--- START ---
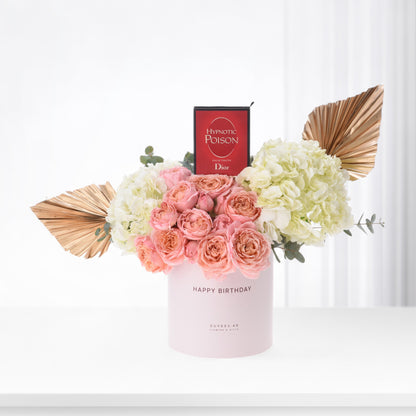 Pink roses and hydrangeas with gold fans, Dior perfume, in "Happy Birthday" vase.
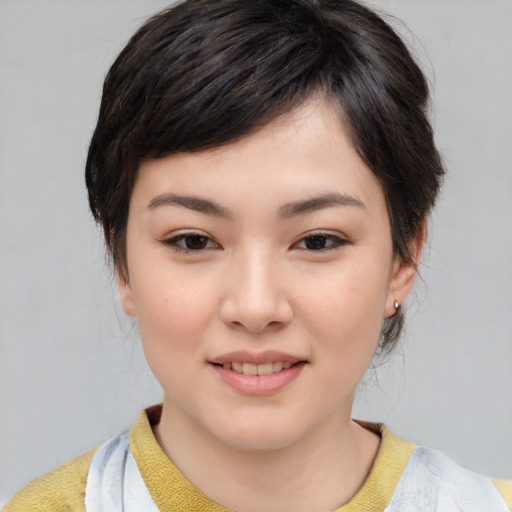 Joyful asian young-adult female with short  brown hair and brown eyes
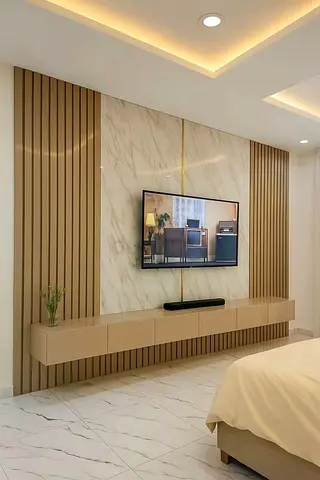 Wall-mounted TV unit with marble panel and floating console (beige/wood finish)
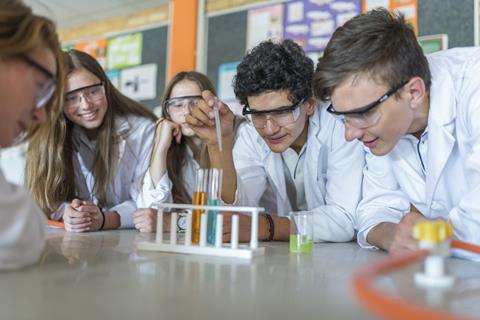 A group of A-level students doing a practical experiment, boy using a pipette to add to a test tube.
--- END ---
--- START ---
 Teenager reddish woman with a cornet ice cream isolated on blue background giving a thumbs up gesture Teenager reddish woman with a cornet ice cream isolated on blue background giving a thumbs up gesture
--- END ---
** Exercise aim **
Set the pictures aside and reproduce exactly the lines above, from the line holding "Joyful asian young-adult" through the line holding "A group of A-level", both included, with nothing else.

** Reply to the task **
 Joyful asian young-adult female with short  brown hair and brown eyes
 Wall-mounted TV unit with marble panel and floating console (beige/wood finish)
 A group of A-level students doing a practical experiment, boy using a pipette to add to a test tube.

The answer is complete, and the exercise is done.